I yawned loudly. I started to fidget. I clicked the lead out of my automatic pencil, then I put it back and did it again. I had a noughts and crosses tournament with myself. I carved my name into the desk with my biro. I drew a picture of a cock. I went off to get a coffee, a packet of crisps and a warm, squidgy Yorkie bar and from the barely-functioning vending machines, and came back five minutes later to find him still wittering on.
I put my feet up and read the newspaper. I read it all – all the boring business news, the weather in Albania, the results of the International Midget Racing Championships, and even all the classifieds and personal ads (I now have two Mini Metros and a cottage in Derbyshire, and I’m meeting someone called Big Sue on Tuesday who is looking for fun and frolics).

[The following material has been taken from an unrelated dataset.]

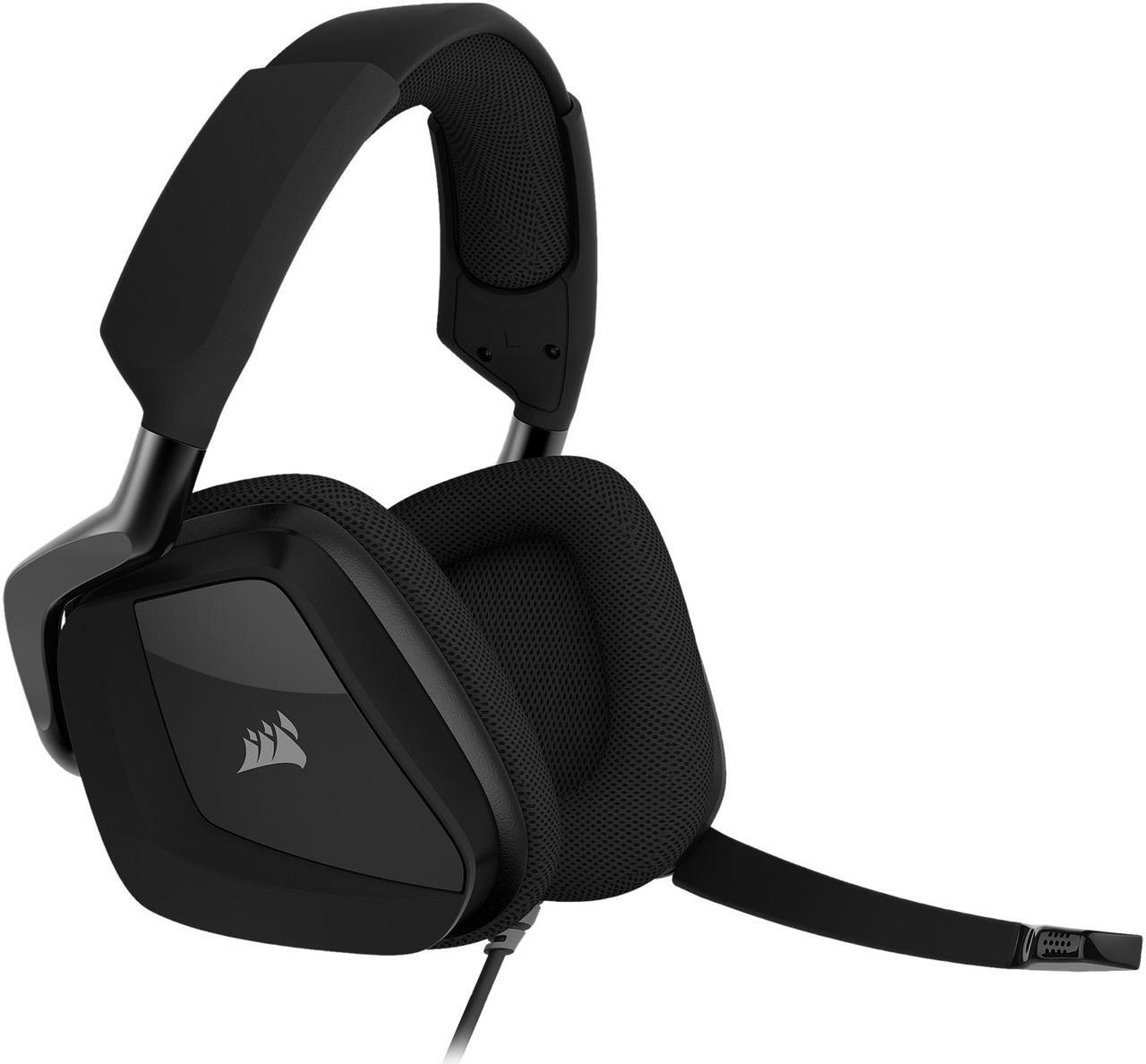 Alt view image 2 of 6 - Corsair VOID Elite Surround Premium Gaming Headset with 7.1 Surround Sound - Discord Certified - Works with PC, Xbox Series X, Xbox Series S, PS5, PS4, Nintendo Switch - Carbon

I attempted to open the molten Yorkie bar and splattered chocolate everywhere. Then, after thirty minutes of this torture, I decided to quietly sneak out. I picked up my bag and made for the door.
Then I wondered – was I being rude? After all, I was the only person present at the tutorial, and I’d made rather a mess of the professor’s office. I turned back and saw my tutor fighting back the tears.
He asked me something, but I couldn’t hear what it was because his voice was so boring that I fell asleep mid-question. He hit me in the face with a large textbook and I tried my hardest to listen. “Please help me. Everybody either sneaks out, skives off or disembowels themselves with a ruler while I’m talking. Students think I’m a laughing stock. My one friend died when he was consumed by lava from an erupting volcano.”
Probably just an accident, I suggested
“But he sought out the volcano especially. He told me if he was encased in rock, he wouldn’t be able to hear my voice”. He sighed. “What can I do to make myself, or at least my tutorials, more interesting?” he asked.
I suggested that next week, perhaps instead of talking crap about Physics he could stage a concert featuring Massive Attack, Radiohead and Orbital, and penguins could parachute in from a passing Zeppelin to perform an acrobatic display. Then a chorus of dolphins would sing Kum By Yah while the planets aligned to drag Earth closer to the Sun to turn London into a tropical paradise. All the while I’d be fellated by mermaids and King Henry VIII would serve me pina coladas from the hollowed-out horn of a unicorn while recounting his favourite sexual positions he had adopted with each of his six wives. Now that would be more interesting.